I see this sentiment sometimes, but just like with the US Federal government, everyone thinks that what everyone else is working on is superfluous.

It's easy to say generally "there's all this wasted money".

Yeah? Where?

https://www.mozilla.org/en-US/foundation/annualreport/2024/

I really am curious. I'm not a fan of AI, so I would agree that those seem superfluous -- but at the same time, the AI based image summarizer actually sounds cool - and good for accessibility. The translation service is VERY useful, and it is amazing that it runs locally.

So yeah, I'm curious.

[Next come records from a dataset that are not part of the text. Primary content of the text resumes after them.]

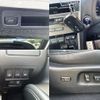 lexus rx 2012 -LEXUS--Lexus RX DAA-GYL15W--GYL15-2444863---LEXUS--Lexus RX DAA-GYL15W--GYL15-2444863- image 7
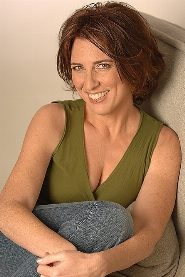 Sherri Strain Biography, Age, and Wiki
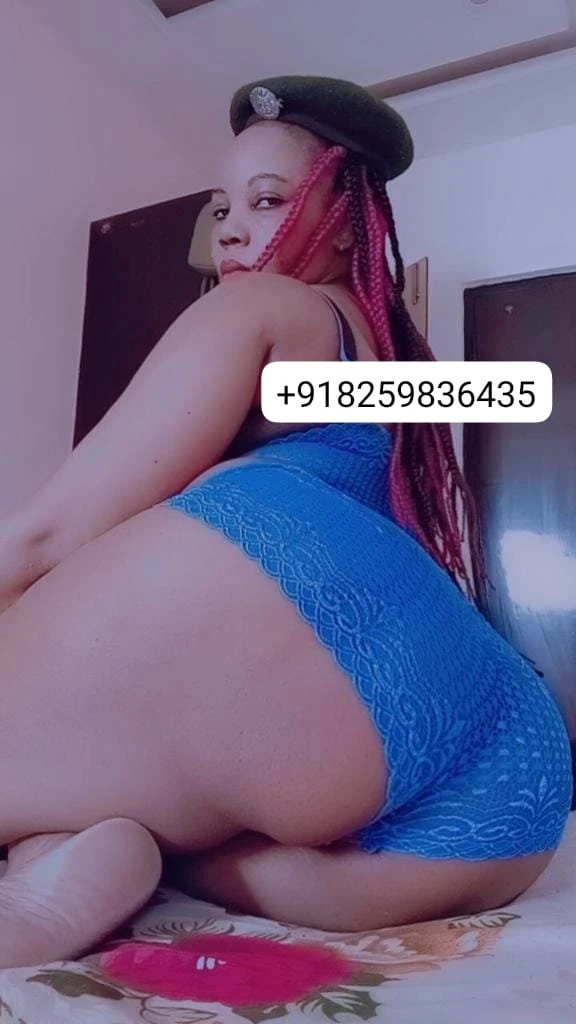 African Big Boobs Honey 82//598//36//435 – escort in Gurgaon, Escort, Gurgaon
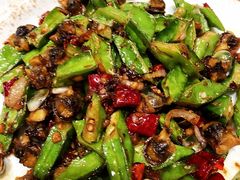 -世纪缘湖滨花园酒店(玄武湖店)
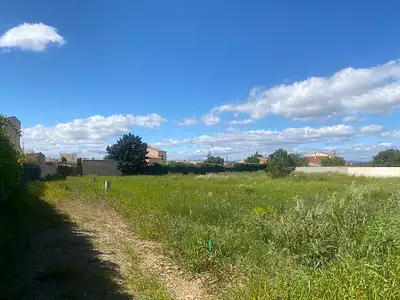 Maison neuve, 162 m²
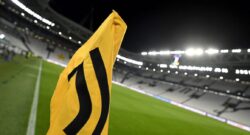 Tifosi Juve, smascherate invenzioni social: “500.000 disdette a Dazn”. Ma sono 6.000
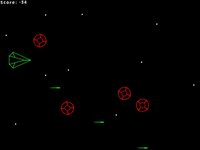 Cybergod screenshot, image №1215481 - RAWG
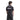 Stormers Away Jersey 26/27 - On Model Back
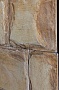 Искусственный камень Версаль 03-06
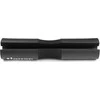 Paminkštinimas štangai Tiguar foam barbell pad
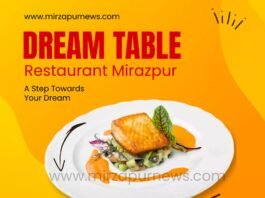 कर वसूली की समीक्षा,बड़े बकायेदारों को नोटिस जारी करने के निर्देश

What is junk?

[–] drwankingstein@lemmy.dbzer0.com 4 points 3 weeks ago (1 children)

off the top of my head,

  • Mozilla VPN
  • Mozilla Pocket
  • Llama file (and all the other AI BS like Solo)
  • Didthis was just recently shut down

and there were other serfvices that I can't remember right now. And then there is all the money they redirect everywhere else for advocacy and other stuff that I don't care at all about. If I donate to mozilla, I want to donate to firefox, not some random junk projects.

[–] yoasif@fedia.io 7 points 3 weeks ago (2 children)

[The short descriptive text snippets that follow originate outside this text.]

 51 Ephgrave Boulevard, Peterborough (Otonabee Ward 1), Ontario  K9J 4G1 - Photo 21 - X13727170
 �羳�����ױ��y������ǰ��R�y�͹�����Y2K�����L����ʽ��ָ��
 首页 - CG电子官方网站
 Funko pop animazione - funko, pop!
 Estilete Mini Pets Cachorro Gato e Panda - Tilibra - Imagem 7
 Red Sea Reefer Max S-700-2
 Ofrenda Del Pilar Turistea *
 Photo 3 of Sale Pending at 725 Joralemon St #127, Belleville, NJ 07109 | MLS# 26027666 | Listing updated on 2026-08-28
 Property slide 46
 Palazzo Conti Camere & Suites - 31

Pocket and VPN make money, that would be like firing IRS auditors in the name of efficiency.

I agree that general purpose AI isn't really all that interesting, since I don't think it is going to drive involvement or investment. I also imagine that it doesn't really cost that much - they don't have any real products behind it, and they all seem clearly experimental.

I guess I understand your aversion to contributing to "junk projects", but if they are junk projects, there isn't likely to be a ton of investment. Harder to shift the bottom line.

[–] drwankingstein@lemmy.dbzer0.com 2 points 3 weeks ago

Last I checked pocket and VPN didn't make that much, I was... somewhat? mistaken however, page 6 is relevant https://assets.mozilla.net/annualreport/2024/mozilla-fdn-2023-fs-final-short-1209.pdf and indeed pocket + VPN are might actually be a significant amount of funding here, it's hard to tell from just this since it's lumped in with advertising.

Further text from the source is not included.